Going to the Dominican was perfect. Warm sea, wind in the palm trees, snorkeling, strolling along the beaches, riding the waves in small boats. Coming back in a snowstorm made for just the right amount of exhilaration. And we’ve had more snow and I am reveling in it. Three cross country skis now – a grand boost to my morale.

The Toronto Storytelling Festival is coming up this weekend. Jennifer is working on a new piece about nineteenth century women who longed for the exotic, the adventurous, then went out to live their dreams. It’s a show that highlights the differences between us for, although I find it fascinating, it’s not something I would have been drawn to on my own account.

I do, however, see its importance for what these women really wanted was to reach higher, to go beyond the life that was prescribed for them. Also as I listen to the rehearsals I realize that when I was a kid all the adventurers I ever heard of were men.
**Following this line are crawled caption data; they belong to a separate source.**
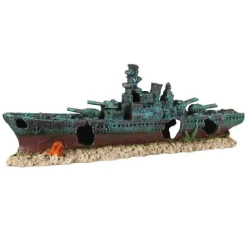 EUROPET Décor d'aquarium navire de combat 2 coloris multicolore en résine de polyester - 47,5 x 9,5 x 17 cm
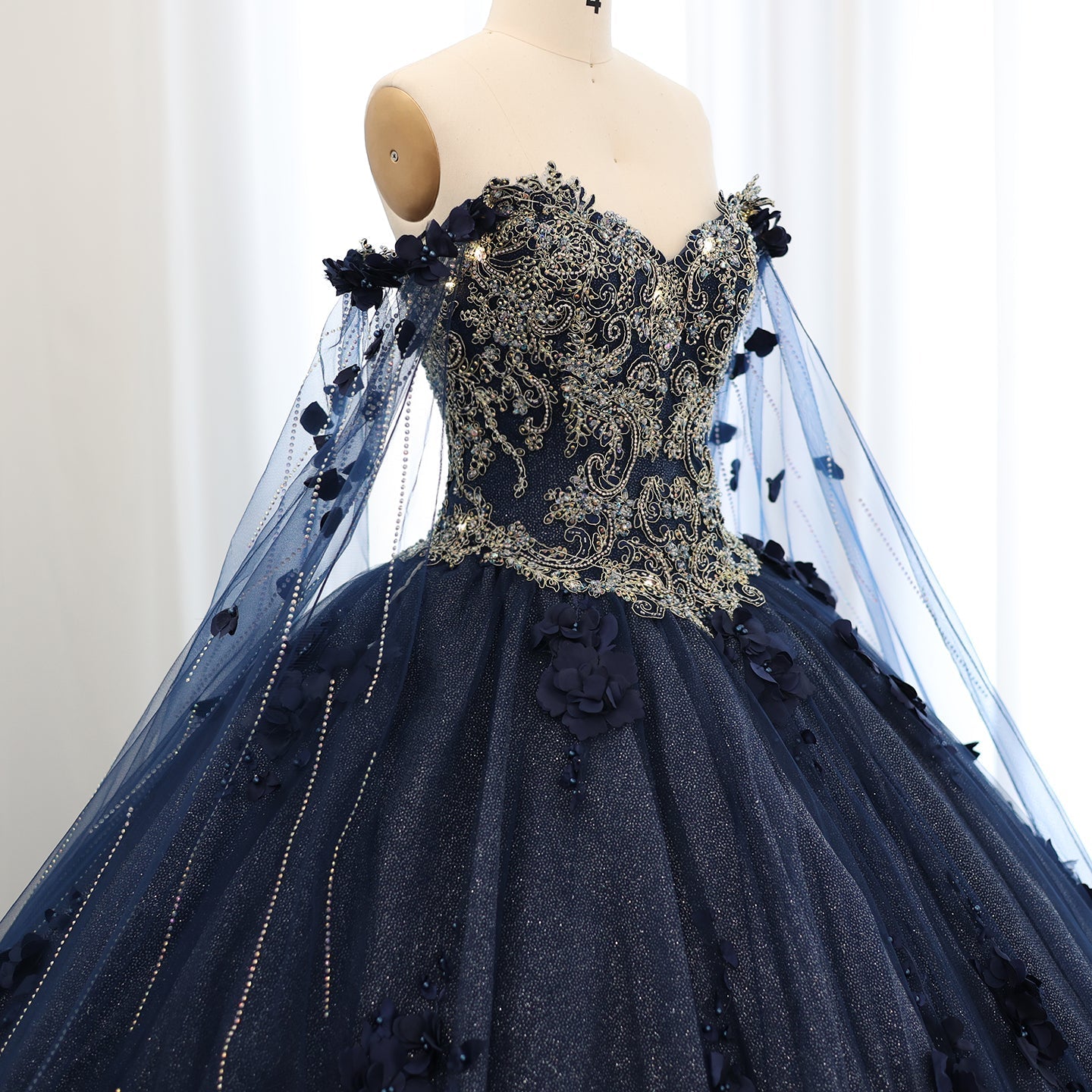 Luxury 3D Flower Emerald Green Ball Gown Prom Dress SS199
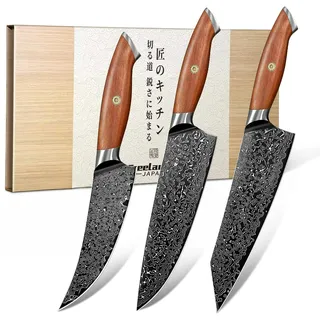 Freelander Küchenmesser Set 3-teilig Professionelle, Japanisches Kochmesser | Kochmesser, Kiritsuke Messer, Ausbeinmesser mit Damastmuster, Profi Messer Ergonomischer für Fleisch, Fisch, Gemüse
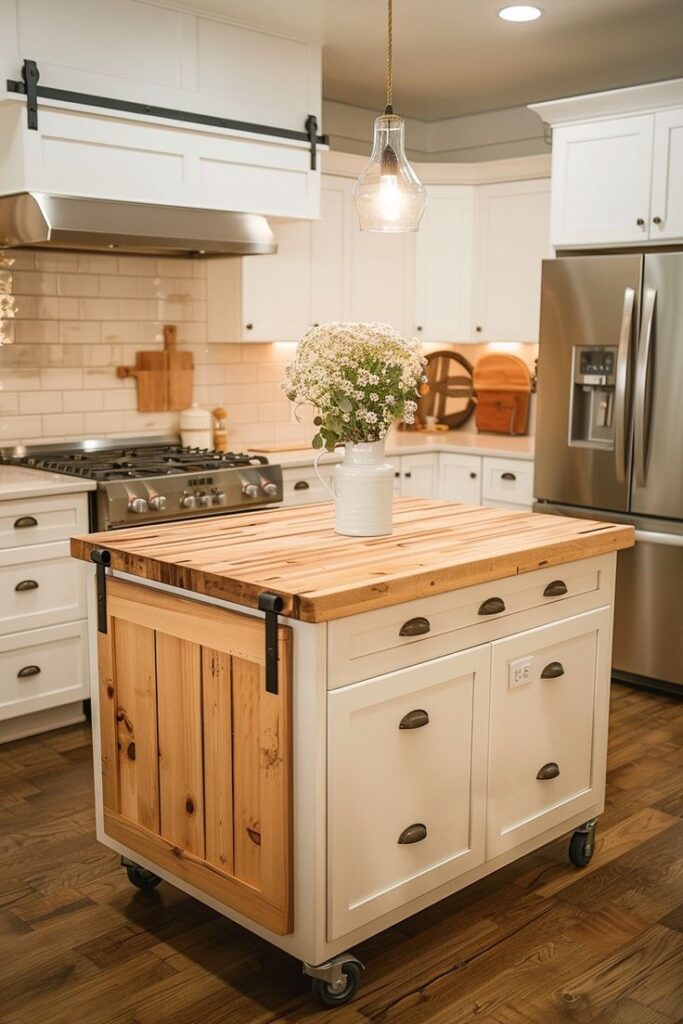 Modern farmhouse kitchen with white cabinets, wood island, stainless steel appliances, and pendant lighting.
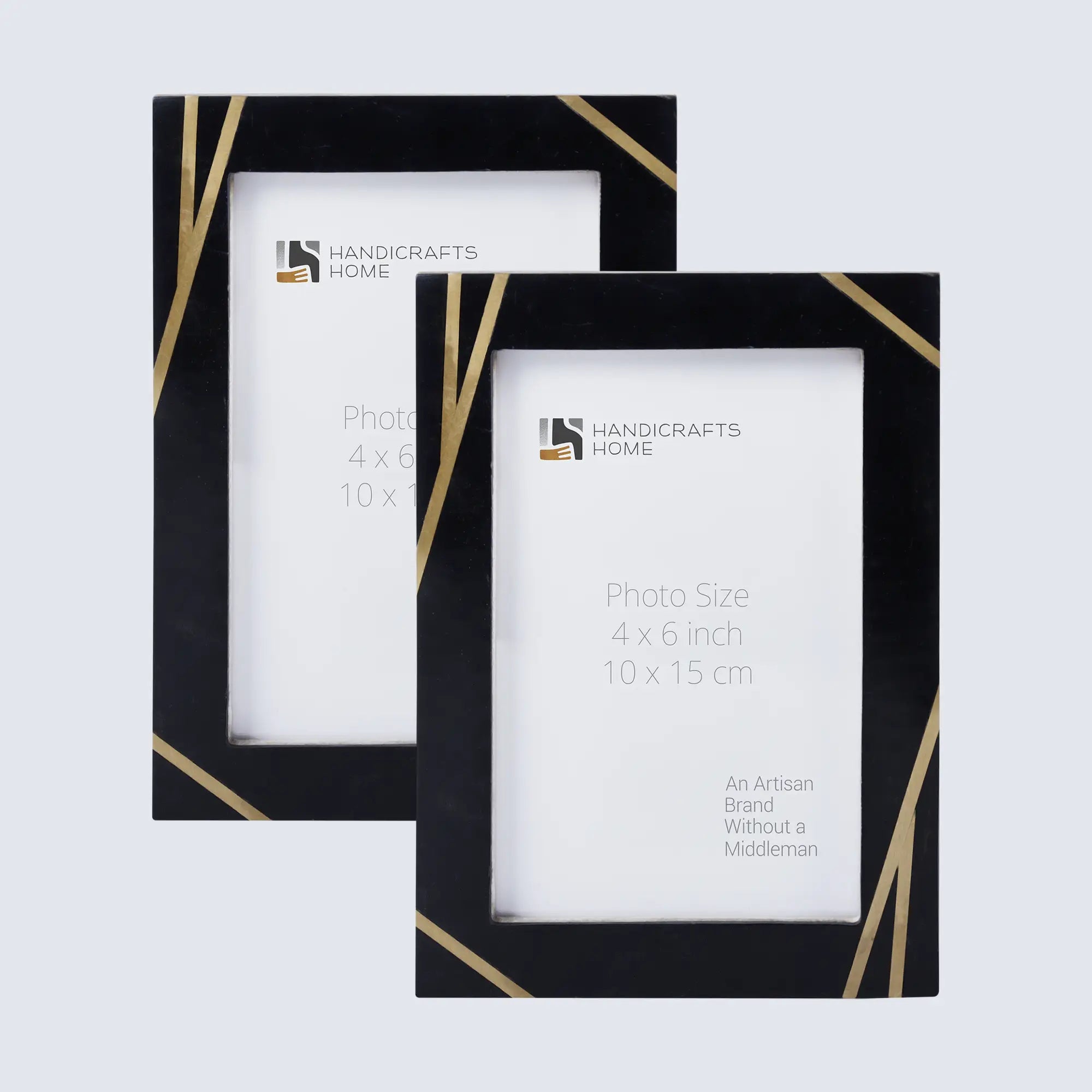 Picture Frames Deco Bamboo Pattern Resin Inlay Collection in 3 Sizes, Pack of 2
Women who risked and dared were usually mocked in some way or other, much as the suffragettes were – chaining themselves to railings, going on hunger strikes and other footling activities!

Once more, I’m reminded of the need to get all of the stories out there, especially the ones that call to us, the ones that are particularly ours to tell.

Right now, of course, The Odyssey is also calling to us again – the last show for the 2wp 2012/2013 season. As I began to work on some of the promos, it came as something of a shock to realize that Gail, Ellis Lynn, Jennifer and I have been working on this great epic now for almost twenty years. We have it in our souls.

Always when we come back to it, there’s a freshness; always a deep feeling of satisfaction and delight. Always it strikes a strong chord with our audiences. When I mentioned that The Odyssey was upcoming in my close-out remarks to Jan Gregory’s show, I heard little sighs of anticipation and saw faces light up all around.

Yes, this is very much a man’s story. But what a story. It seems to have all of everything within it. It’s such a human tale. I have never even come close to regretting that we took it on. The resonances are for all of us. I remember after one performance talking to two women about the terrible battle of homecoming – a gut wrenching event if ever there was one, no holds barred. “We don’t like it but we do have to admit, there will be a time of ruthlessness for all of us,” one of the women said to me. “Better to face it,” the other woman agreed.

Stories of men, stories of women – always so much to think about. Another of the great joys of our lives.